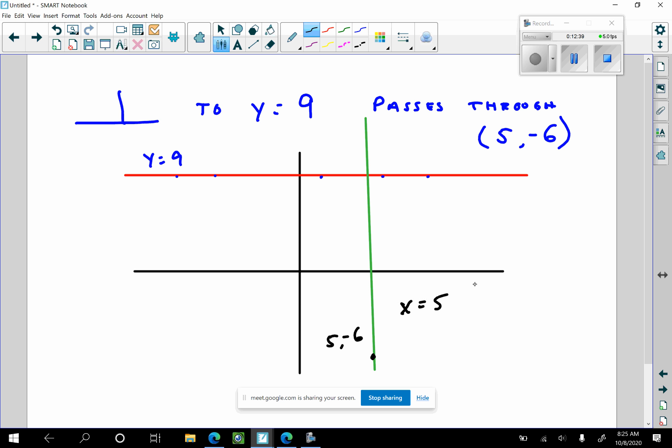There is an actual question like that on the multiple choice. If you miss that, you would be classified as a silly head.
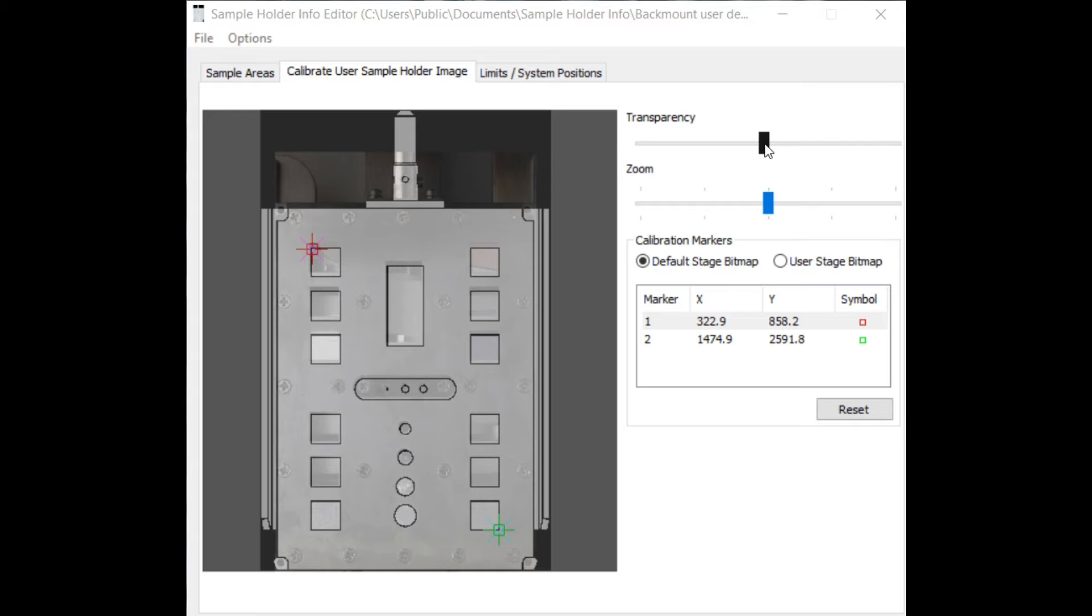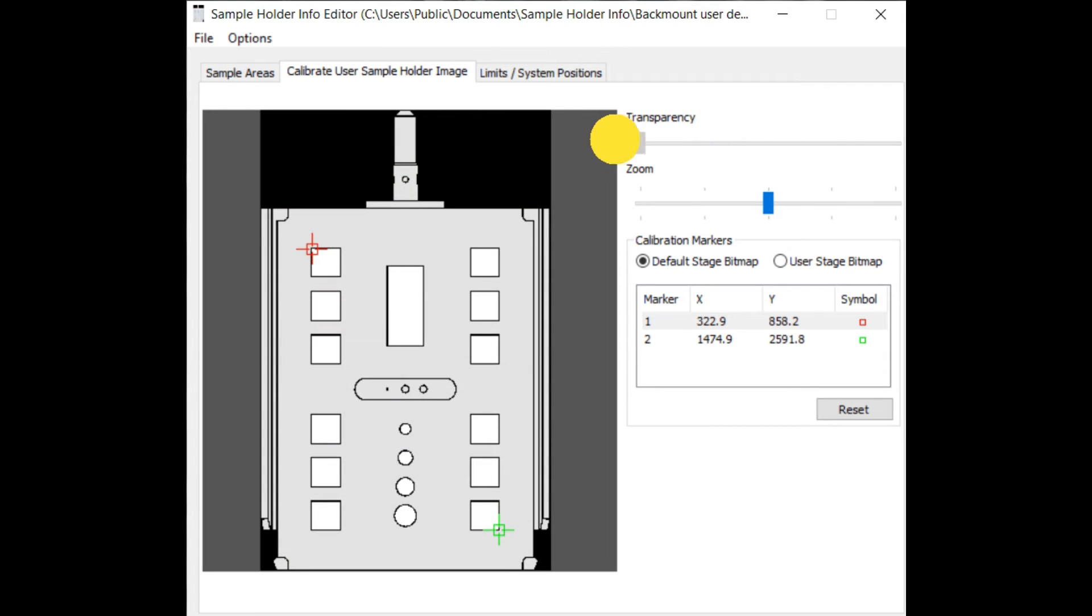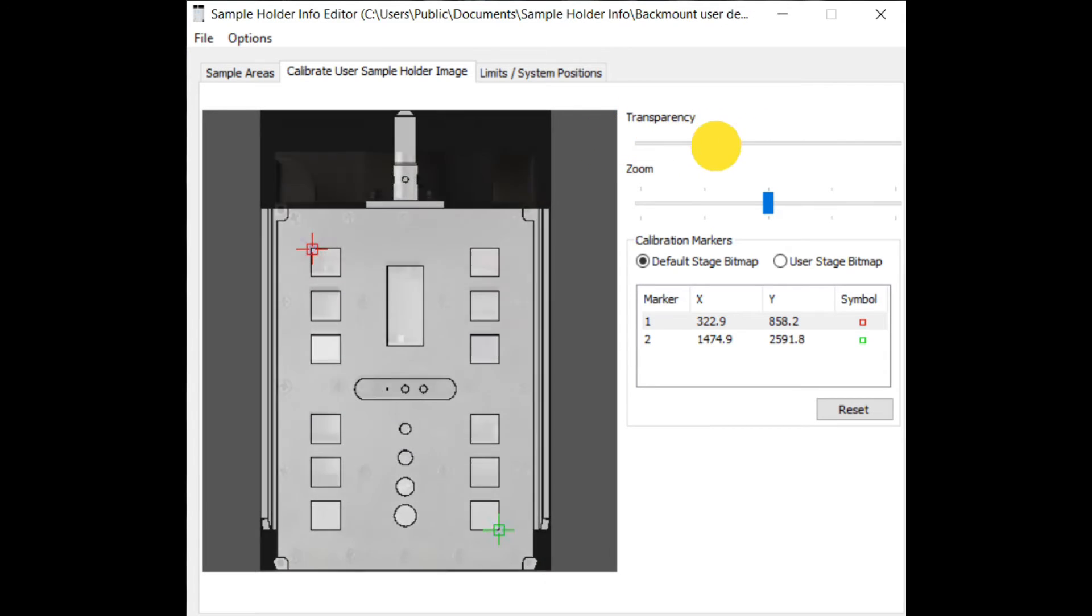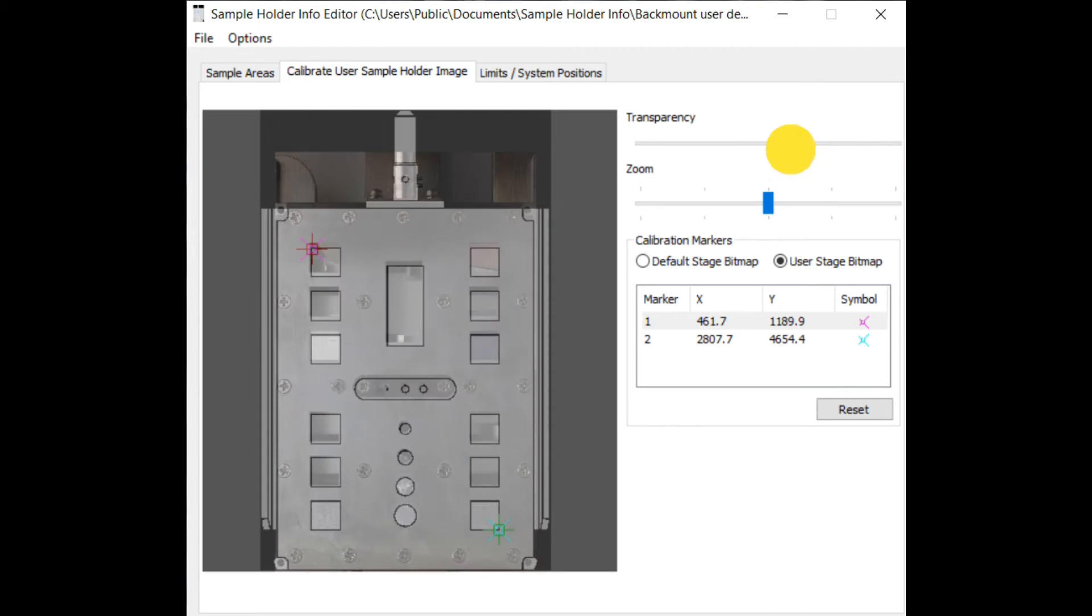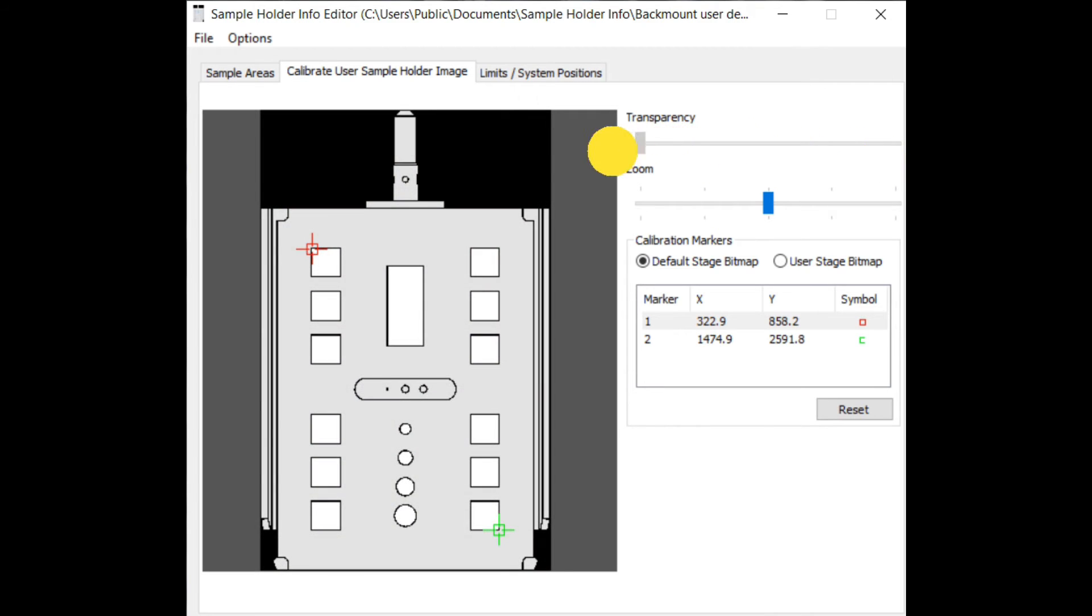It might be necessary to calibrate the photo against the default image. Move the transparency slider to either select the default image or the photo of the sample holder.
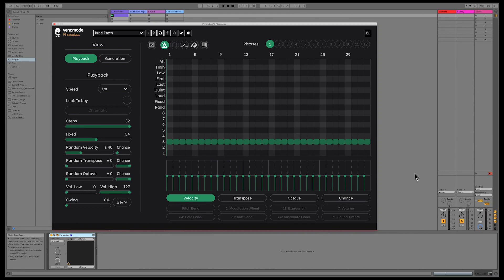Hello and welcome to this short video exploring what's new in Phrasebox 1.2. We've added a few features in incremental updates since launch, and version 1.2 brings together a host of new changes and improvements. This video will go over some of the major new additions and changes since the initial release.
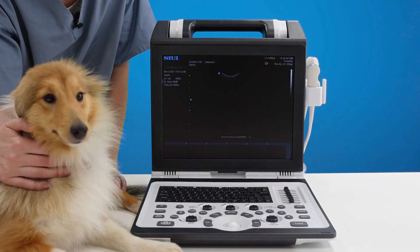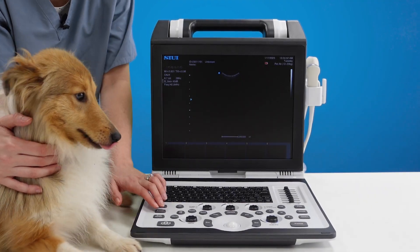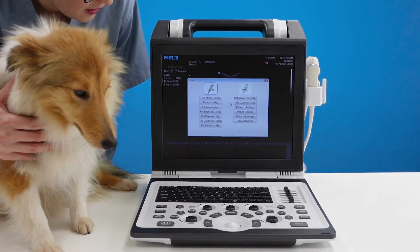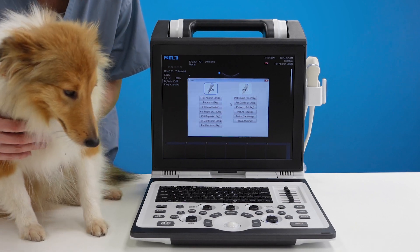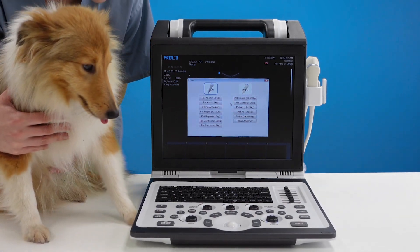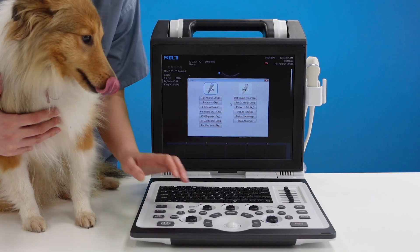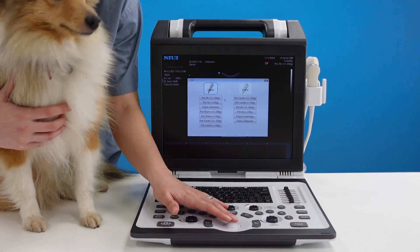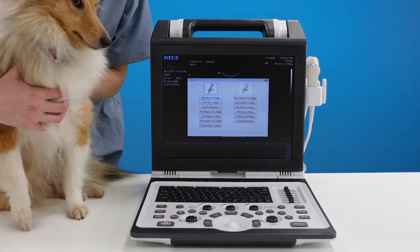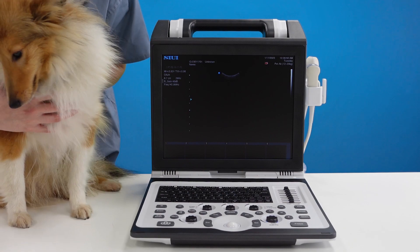To begin a new examination press the exam key and select what kind of examination you want to perform. I'm going to start with an abdominal examination so I'm going to go to pet abdomen and press set.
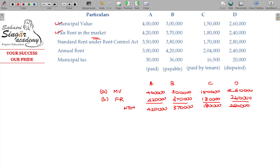Now the question is: is there any Rent Control Act applicable in the locality? If yes, what is the standard rent allowed as per the act? The act fixes the rent in that locality, and the standard rent is determined accordingly.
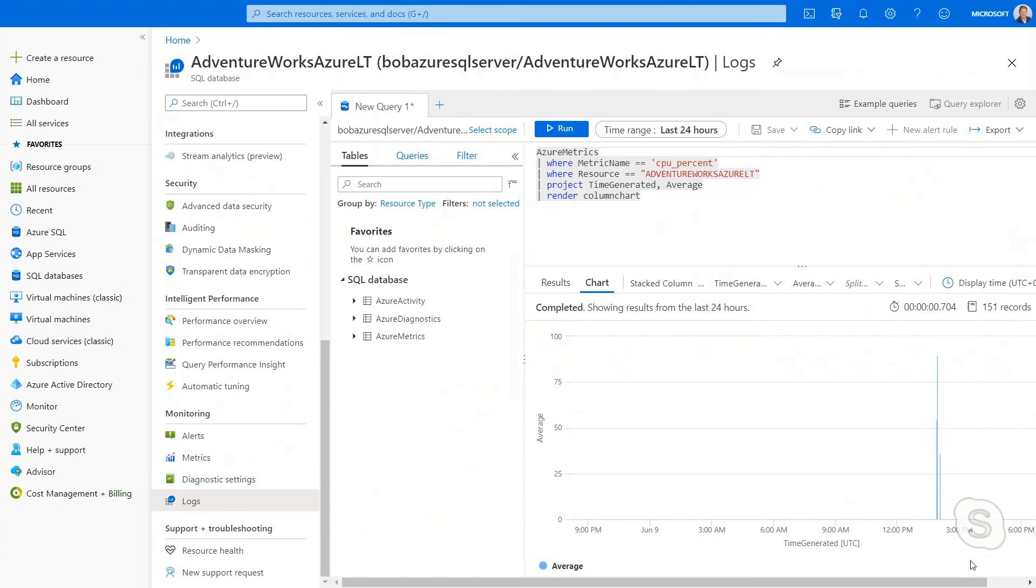So I can use Azure Metrics to look at things a little bit more real time over like maybe the last week, last hour, last 30 minutes or use something like Kusto with logging for Azure Monitor to look at the compute percentage or CPU percentage of my application for Azure database over a long period of time.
■ ■ ■ ■
**Assignment**
If a record holds a picture, leave the picture out and print everything else exactly.

**Solution for this problem**
There is an actual question like that on the multiple choice. If you miss that, you would be classified as a silly head.
It might be necessary to calibrate the photo against the default image. Move the transparency slider to either select the default image or the photo of the sample holder.
Hello and welcome to this short video exploring what's new in Phrasebox 1.2. We've added a few features in incremental updates since launch, and version 1.2 brings together a host of new changes and improvements. This video will go over some of the major new additions and changes since the initial release.
To begin a new examination press the exam key and select what kind of examination you want to perform. I'm going to start with an abdominal examination so I'm going to go to pet abdomen and press set.
Now the question is: is there any Rent Control Act applicable in the locality? If yes, what is the standard rent allowed as per the act? The act fixes the rent in that locality, and the standard rent is determined accordingly.
So I can use Azure Metrics to look at things a little bit more real time over like maybe the last week, last hour, last 30 minutes or use something like Kusto with logging for Azure Monitor to look at the compute percentage or CPU percentage of my application for Azure database over a long period of time.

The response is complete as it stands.